── Materials provided

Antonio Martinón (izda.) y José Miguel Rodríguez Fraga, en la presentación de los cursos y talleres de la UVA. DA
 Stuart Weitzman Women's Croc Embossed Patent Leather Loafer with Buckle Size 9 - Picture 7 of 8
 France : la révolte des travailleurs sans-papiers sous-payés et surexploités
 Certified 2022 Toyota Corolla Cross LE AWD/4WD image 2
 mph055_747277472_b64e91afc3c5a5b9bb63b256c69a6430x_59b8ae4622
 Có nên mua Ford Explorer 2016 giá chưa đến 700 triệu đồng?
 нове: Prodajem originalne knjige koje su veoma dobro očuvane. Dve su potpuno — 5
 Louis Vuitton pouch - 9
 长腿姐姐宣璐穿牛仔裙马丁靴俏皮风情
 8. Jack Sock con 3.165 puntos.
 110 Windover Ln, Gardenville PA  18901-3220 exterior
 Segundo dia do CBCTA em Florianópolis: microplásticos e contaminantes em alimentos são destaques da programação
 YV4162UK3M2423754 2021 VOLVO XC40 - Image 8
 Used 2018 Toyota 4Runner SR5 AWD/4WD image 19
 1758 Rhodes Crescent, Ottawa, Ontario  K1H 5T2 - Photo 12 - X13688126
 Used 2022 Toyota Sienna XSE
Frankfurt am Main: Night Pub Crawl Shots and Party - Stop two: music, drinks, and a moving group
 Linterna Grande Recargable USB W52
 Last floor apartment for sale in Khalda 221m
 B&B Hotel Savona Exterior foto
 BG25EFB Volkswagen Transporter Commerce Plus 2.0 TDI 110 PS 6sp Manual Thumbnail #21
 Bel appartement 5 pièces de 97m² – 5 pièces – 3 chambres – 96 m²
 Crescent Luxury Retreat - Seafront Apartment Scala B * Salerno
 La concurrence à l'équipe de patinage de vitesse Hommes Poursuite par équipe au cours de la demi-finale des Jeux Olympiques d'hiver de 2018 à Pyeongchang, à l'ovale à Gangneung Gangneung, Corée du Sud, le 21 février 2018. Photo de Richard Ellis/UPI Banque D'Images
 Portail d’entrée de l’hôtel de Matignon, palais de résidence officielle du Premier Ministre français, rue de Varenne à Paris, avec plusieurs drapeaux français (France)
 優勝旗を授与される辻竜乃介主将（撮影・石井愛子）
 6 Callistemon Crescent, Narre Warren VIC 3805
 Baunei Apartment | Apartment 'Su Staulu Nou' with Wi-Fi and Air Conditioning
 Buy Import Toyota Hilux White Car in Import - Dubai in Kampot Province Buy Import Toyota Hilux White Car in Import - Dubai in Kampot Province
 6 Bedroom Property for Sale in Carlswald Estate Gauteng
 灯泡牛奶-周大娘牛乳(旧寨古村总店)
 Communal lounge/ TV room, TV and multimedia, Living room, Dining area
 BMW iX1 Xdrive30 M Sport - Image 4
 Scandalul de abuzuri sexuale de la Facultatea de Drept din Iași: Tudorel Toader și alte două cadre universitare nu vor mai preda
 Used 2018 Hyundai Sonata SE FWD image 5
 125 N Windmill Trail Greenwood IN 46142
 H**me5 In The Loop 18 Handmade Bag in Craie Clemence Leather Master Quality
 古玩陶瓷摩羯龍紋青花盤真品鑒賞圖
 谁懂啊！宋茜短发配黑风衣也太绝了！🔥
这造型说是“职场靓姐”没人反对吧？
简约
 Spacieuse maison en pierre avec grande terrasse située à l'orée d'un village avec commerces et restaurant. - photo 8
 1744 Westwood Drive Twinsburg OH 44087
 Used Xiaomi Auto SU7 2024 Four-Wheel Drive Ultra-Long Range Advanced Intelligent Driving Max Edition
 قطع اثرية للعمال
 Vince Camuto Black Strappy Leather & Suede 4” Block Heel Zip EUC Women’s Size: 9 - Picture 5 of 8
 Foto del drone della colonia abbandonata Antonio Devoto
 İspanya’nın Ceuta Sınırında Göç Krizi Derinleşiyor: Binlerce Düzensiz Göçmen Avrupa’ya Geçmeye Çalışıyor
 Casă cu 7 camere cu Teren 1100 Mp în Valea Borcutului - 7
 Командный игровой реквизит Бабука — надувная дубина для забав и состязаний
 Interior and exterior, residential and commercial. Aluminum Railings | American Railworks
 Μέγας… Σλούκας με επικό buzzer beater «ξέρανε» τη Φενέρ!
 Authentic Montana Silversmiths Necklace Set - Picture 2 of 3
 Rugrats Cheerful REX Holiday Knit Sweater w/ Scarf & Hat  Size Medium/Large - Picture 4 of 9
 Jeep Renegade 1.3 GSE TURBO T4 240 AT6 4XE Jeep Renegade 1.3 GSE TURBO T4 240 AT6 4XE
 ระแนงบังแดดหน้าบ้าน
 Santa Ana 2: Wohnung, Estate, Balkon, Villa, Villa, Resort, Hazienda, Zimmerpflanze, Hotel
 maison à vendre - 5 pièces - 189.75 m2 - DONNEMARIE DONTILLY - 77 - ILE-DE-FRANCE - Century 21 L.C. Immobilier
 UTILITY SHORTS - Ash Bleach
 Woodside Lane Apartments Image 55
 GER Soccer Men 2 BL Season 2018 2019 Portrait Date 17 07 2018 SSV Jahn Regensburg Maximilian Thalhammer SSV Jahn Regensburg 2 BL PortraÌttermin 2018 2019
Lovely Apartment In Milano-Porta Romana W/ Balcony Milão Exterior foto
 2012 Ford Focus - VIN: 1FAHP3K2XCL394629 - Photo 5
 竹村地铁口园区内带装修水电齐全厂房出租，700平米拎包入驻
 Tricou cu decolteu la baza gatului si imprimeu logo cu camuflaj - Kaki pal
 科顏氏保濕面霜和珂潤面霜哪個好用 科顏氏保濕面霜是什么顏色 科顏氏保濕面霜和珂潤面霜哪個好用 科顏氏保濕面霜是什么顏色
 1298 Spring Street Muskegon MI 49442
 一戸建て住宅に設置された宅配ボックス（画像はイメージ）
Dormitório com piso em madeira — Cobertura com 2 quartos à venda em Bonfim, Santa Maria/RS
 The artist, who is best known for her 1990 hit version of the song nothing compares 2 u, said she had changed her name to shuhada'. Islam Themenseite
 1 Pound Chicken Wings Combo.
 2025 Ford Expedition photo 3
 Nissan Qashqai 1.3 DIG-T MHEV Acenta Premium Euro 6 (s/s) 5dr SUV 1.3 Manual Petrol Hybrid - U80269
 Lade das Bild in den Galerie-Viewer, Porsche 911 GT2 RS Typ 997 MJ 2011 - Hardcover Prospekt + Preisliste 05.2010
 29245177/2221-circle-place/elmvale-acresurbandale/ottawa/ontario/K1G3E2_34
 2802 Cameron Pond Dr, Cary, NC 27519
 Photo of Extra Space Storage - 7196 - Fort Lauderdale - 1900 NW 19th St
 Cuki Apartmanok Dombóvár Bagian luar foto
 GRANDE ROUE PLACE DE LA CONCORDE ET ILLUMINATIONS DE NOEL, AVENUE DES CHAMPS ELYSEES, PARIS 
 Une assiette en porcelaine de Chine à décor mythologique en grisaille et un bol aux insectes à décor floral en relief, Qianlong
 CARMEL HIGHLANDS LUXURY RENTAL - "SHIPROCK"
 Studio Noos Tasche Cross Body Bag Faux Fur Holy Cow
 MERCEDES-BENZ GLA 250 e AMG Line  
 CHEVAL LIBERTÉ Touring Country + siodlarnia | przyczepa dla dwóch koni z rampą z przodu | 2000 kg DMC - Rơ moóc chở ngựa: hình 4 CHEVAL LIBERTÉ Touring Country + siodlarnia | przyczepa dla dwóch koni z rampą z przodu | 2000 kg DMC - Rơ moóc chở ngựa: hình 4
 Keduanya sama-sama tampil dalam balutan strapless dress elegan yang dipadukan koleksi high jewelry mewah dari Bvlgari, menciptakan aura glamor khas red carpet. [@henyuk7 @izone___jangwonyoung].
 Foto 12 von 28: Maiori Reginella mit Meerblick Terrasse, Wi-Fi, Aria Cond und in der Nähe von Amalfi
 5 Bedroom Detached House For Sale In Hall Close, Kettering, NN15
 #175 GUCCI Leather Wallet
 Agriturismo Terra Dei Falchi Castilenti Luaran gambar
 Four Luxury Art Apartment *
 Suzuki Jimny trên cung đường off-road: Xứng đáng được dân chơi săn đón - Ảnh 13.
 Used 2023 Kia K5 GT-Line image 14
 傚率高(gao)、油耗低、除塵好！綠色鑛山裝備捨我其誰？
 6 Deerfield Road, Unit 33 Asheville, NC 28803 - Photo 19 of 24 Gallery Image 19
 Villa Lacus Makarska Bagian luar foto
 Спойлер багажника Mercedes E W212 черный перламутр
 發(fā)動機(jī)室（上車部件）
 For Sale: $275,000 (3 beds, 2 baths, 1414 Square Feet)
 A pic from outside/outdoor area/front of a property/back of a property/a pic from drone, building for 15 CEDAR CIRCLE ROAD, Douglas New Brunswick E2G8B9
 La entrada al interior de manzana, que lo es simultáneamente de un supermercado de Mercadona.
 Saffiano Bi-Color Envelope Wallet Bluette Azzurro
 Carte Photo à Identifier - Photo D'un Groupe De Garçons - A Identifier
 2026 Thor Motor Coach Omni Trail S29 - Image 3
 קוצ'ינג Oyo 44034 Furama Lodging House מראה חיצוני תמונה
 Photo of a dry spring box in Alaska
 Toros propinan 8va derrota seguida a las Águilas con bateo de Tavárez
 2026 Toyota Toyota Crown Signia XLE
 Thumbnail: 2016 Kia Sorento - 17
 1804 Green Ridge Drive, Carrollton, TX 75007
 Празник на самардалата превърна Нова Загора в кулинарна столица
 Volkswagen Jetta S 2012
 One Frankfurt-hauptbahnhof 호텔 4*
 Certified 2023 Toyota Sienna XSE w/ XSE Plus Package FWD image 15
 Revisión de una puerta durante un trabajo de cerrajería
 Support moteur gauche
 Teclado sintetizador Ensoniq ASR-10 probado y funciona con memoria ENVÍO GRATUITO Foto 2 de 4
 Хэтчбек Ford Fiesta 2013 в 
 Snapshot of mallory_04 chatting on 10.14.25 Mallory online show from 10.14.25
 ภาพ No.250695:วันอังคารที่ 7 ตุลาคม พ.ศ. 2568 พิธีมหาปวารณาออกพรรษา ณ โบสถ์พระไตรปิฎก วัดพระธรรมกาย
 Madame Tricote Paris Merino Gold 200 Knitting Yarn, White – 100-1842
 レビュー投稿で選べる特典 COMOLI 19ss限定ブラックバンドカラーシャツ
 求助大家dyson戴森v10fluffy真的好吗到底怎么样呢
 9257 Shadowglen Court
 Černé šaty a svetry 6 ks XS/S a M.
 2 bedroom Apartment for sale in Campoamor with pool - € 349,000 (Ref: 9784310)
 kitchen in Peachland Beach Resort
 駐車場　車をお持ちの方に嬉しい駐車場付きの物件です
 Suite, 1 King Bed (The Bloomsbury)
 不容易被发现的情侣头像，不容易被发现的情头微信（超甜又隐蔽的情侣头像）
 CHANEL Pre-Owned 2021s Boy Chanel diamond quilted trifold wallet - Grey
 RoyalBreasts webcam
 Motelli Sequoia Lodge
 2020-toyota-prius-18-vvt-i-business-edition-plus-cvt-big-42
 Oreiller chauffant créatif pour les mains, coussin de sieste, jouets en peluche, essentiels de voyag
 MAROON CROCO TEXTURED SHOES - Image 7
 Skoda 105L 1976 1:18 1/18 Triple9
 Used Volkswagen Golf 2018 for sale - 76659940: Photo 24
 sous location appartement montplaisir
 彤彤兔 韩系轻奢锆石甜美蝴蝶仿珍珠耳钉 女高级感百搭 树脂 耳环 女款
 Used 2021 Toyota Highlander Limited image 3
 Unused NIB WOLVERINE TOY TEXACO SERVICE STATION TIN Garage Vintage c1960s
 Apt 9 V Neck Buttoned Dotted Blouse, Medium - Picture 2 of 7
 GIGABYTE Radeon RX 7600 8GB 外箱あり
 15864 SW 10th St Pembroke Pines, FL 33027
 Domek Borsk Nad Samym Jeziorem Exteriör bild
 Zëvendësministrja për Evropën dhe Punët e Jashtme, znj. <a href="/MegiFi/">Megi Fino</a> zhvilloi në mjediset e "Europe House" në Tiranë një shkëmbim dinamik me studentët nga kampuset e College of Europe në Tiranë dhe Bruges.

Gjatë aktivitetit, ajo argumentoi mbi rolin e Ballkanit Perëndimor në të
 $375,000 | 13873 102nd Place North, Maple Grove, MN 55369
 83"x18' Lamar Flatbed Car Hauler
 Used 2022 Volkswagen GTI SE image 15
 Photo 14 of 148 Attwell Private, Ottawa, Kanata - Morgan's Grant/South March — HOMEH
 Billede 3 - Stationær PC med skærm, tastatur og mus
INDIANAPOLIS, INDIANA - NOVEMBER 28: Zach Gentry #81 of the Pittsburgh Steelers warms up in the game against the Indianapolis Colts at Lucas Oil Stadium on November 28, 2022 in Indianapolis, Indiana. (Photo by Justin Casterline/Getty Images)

────

### Exercise goal:
The string "drone" may occur in the listing; show every line where it does.

### Written reply:
 Foto del drone della colonia abbandonata Antonio Devoto
 A pic from outside/outdoor area/front of a property/back of a property/a pic from drone, building for 15 CEDAR CIRCLE ROAD, Douglas New Brunswick E2G8B9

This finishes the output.